The setup for team chess

Team chess is usually played over multiple rounds, either as a swiss system or as round robin. Games over N boards are played simultaneously and the individual scores 0 for loss, 0.5 for a draw and 1 for a win are added up to a sum S. The team will score T points.  If S > N/2 the team get T=1 point, S=N/2 then the team gets T=0.5 points, and S<N/2 gives the team T=0 points.   

This is very important to think of: the team score T is a non-linear transform of the sum of scores S. This was my starting point for thinking of the whole problem and how it hasn’t been properly investigated before. Once more: the score is the sum of the scores, but the team score isn’t the sum of the scores!

Let’s illustrate the way the team score is calculated with a simple plot say a 4-player (4er) team:

We will aim at maximizing the expected value of T aka EV[T] so that the team gets the maximum amount of points. To model this we need to model the individual matches of the players.

Modelling the individual results: Elo is not enough 

The base for modelling the expected score between two chess players is the Elo model. If you can’t remember the formula by heart here is my favourite way of remembering and understanding it.

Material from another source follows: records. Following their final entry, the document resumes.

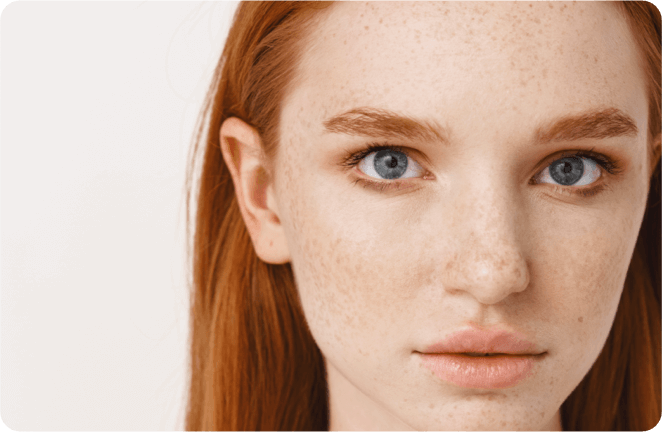 Understanding Skin Type 1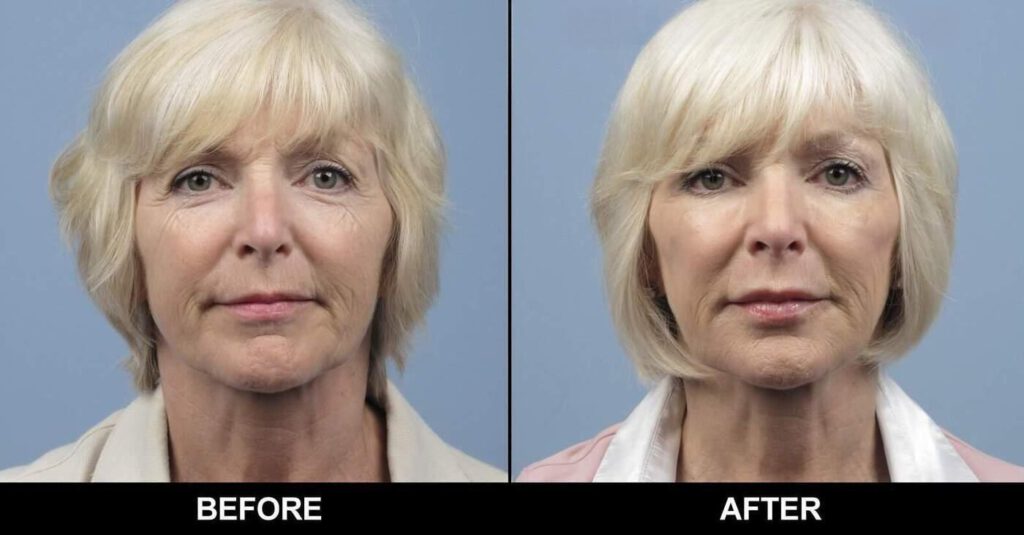 Fractional CO2 Laser Before & After Gallery SpaMedica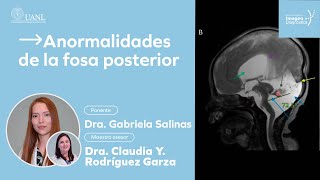 Anormalidades de la fosa posterior por la Dra. Gabriela Salinas.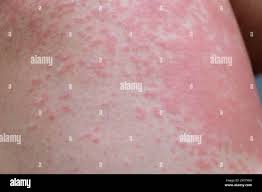 Image result for Photodermatitis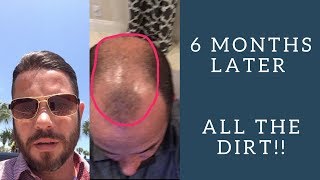 Hair replacement Men's Hair System Review 6 Months Later All the Dirt!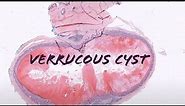Verrucous cyst (benign cyst with HPV infection) pathology dermpath dermatology dermatopathology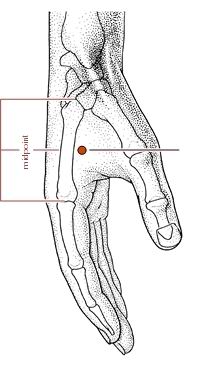 脊髓型颈椎病针灸治疗处方,神经根型颈椎病针灸绝技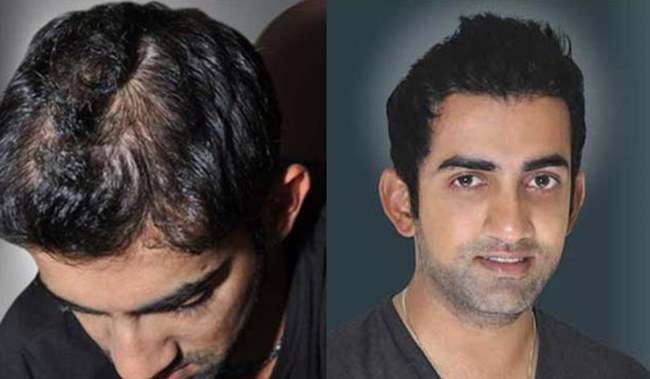 Top five cricketers who underwent hair transplant after severe hair fall
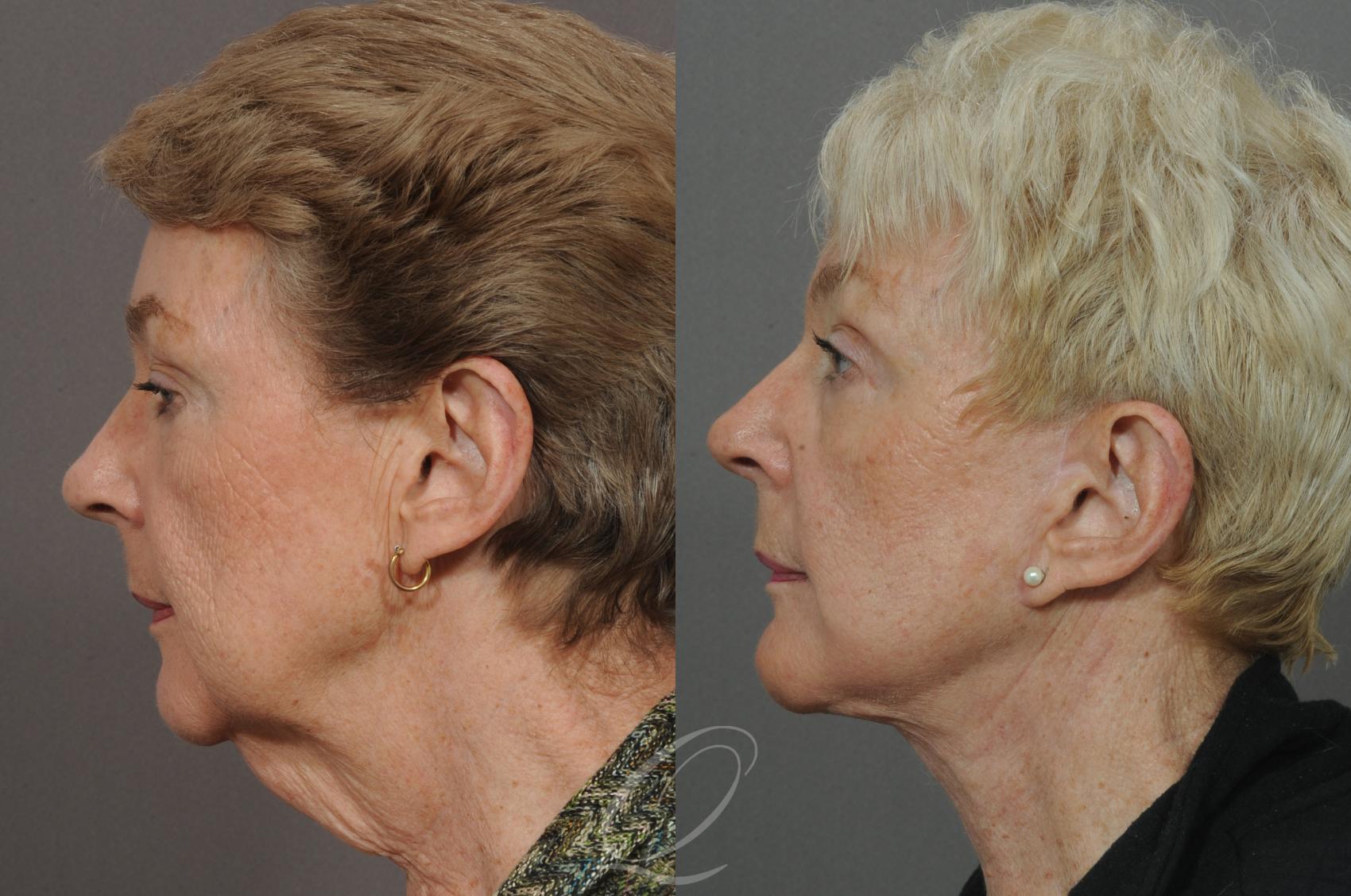 Facelift Case 25 Before & After View #2 | Serving Rochester, Syracuse & Buffalo, NY | Quatela Center for Plastic Surgery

Give each player a winning strength Q_i = 10^(r_i/400) and the expected score (between zero and one) is your strength ‘proportion’ 

EV_i = Q_i / (Q_i + Q_j) 

We can multiply the numerator and denominator by 10^(-r_i/400) and we obtain:

EV_i = 1 / (1+10^(r_j – r_i )/400)

This formula only depends on the difference of the ratings! Now there can be considerable discussions about how good the Elo is as a model of scores but this is beyond the point for the current discussion and a good enough model of expected scores. 

Now as you may have noted, a chess game can end in a draw. The draw gives 0.5 points, and the win one point. So the expected value is:

EV = 1x Pw + 0.5xPd + 0xPl = Pw + Pd/2

Pw and Pd are the probabilities of a win and draw respectively. But this is the catch: the Elo model does _not_ gives us the proportion of the draw, and we have to assume it externally. In particular, it might for example be very different for different time controls or dependent on the level of the players – while Elo only cares about the differences and not the absolute level! 

But more importantly, the draw percentage is something that is to some extent within the control of the players – at least from the level of an advanced amateur onward, a player can decide to play ‘risky’ chess and go for a win or be more conservative and have more likely to go for a draw. For a fixed expected value EV if we vary the draw probability Pd we have this type of chart for all possible three outcomes: 

The draw rate, i.e. the amount of risk taken by the players, will be one of our critical variables while discussing the team modelling because the other variable which is the EV is fixed by the player’s Elo differences. 

The draw rate

Given that the draw rate is one of three key variables that we are discussing here, it is worth paying extra attention to its meaning. 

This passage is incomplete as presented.